First, he accepts arguendo the common refrain that the South is "still fighting the Civil War" but claims that the North is "insistent on pushing their view" today. First, I would argue that attempting to correct the views of pro-Confederate historical revisionists who attempt to downplay the role that slavery played in motivating secession is less "pushing one's view" than "maintaining the accuracy of the historical record." Second, for most of the post-bellum period, the South has LITERALLY STILL BEEN FIGHTING THE CIVIL WAR. This began with concerted low-level campaigns of terrorist violence for nearly a century after the end of Reconstruction and later morphed into the "massive resistance" to Civil Rights legislation and desegregation.
Second, while he acknowledges that southern military leaders were highly supportive of slavery (and doesn't, as far as I can tell, argue that slavery was not the main motivating factor for secession), he argues that most rank and file southern soldiers were motivated by other factors, since only the elites were slaveowners in the antebellum South.
While this is certainly the case, people don't generally engage in this sort of celebration for other extremely questionable causes on this basis. Many soldiers in the Imperial Japanese Army were probably swell guys and just fighting out of a sense of nationalism but Japan isn't having a remebrance month for the Tojo regime. Hell, most of the fighters in Joseph Kony's murderous LRA are just abducted child soldiers but I don't think Uganda, the DRC, South Sudan, or the Central African Republic will be holding Lord's Resistance Army Day anytime soon or that their citizens will go driving around with LRA flags (if they had them) on their pickup trucks. And to be clear, McDonnell wasn't declaring "Confederate Soldier History Month" or "Civil War History Month," it was Confederate History Month.
(As an aside, as far as the motivation of rank and file soldiers throughout history goes, I think Debs pretty much nailed it in the Canton, Ohio speech:
The feudal barons of the Middle Ages...declared all wars. And their miserable serfs fought all the battles. The poor, ignorant serfs had been taught to revere their masters; to believe that when their masters declared war upon one another, it was their patriotic duty to fall upon one another and to cut one another’s throats for the profit and glory of the lords and barons who held them in contempt. And that is war in a nutshell.)
A few other points. As Dr. Farley asks, why does "Southern History" have to be about the four years in which the region waged a treasonous war in defense of slavery rather than the other 230 years of its existence? Further, why does it have to be about the group of people who fought against the United States Government and not say, the huge chunk of people (a majority in some states) that the rebels wished to keep enslaved or the areas or individuals that remained loyal to the country?

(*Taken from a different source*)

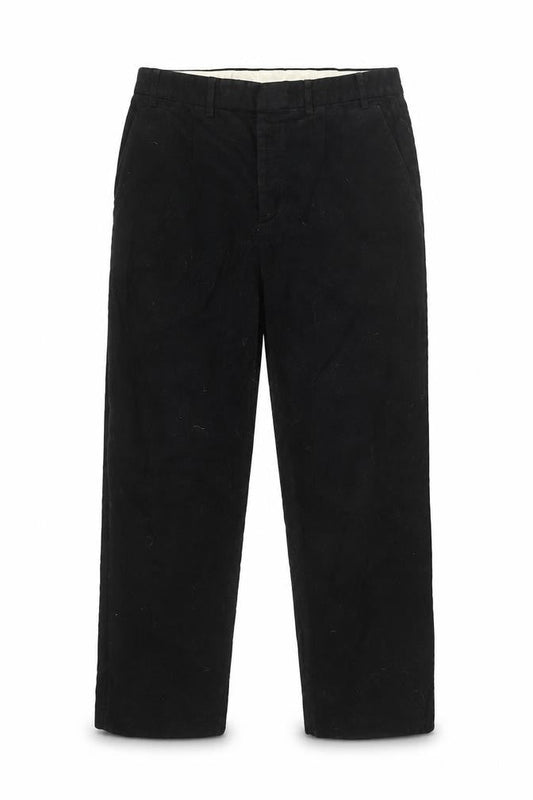 Boden Men's Black Cotton Trousers Size L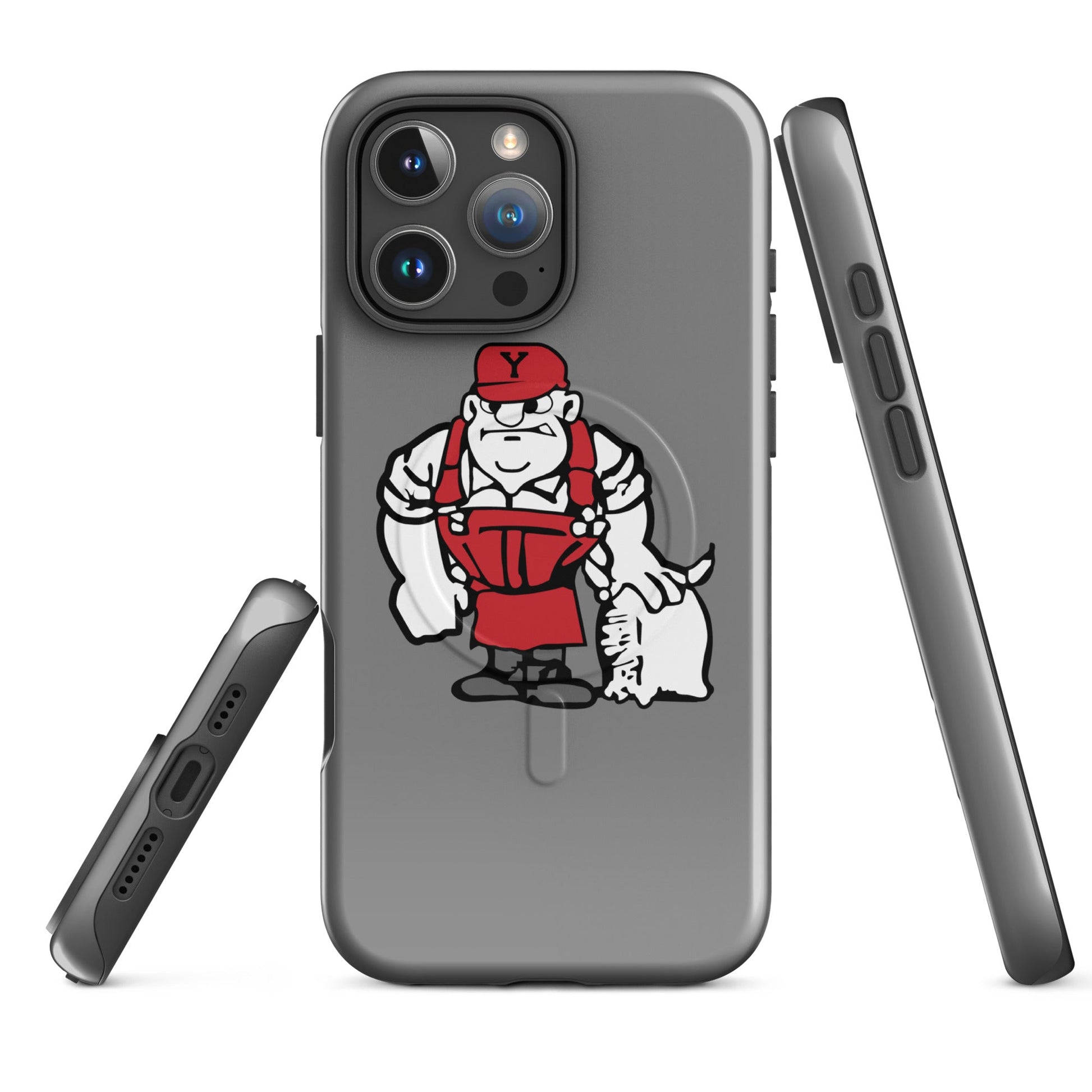 Magsafe Tough Case for iPhone | Yukon Student Council | Mascot Logo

John closes with what I think is the weakest segment of his post:
The CIA refers to the fallout of reconstruction as 'blowback.' For those who are unfamiliar with the term, it is the result of concerted military/propaganda efforts to shift the cultural, political, or social leanings of a state. And blowback there has been. The reaction to reconstruction and further oppression was violent resistance that lasts to this very day. So yes Mr. CNN bigshot, much like our interference in Afghanistan during their war with the Soviets.
Blowback is usually used to refer to the unintended consequences of a covert action, not of reconstruction. He misuses the term here. First, there was certainly nothing covert about Lincoln et al.'s crushing of the rebellion. Second, blowback is generally something surprising or unforeseen (e.g. we didn't know that helping Ethiopia overthrow the Islamic Courts Union in Somalia would lead to the rise of the far worse Al-Shabab). The southern reaction to Reconstruction was completely foreseeable, which is why the Radical Republicans in Congress enacted such sweeping measures. The reason that southerners were able to "continue fighting" the war (as noted above) is because that Reconstruction program ended following the Compromise of 1877.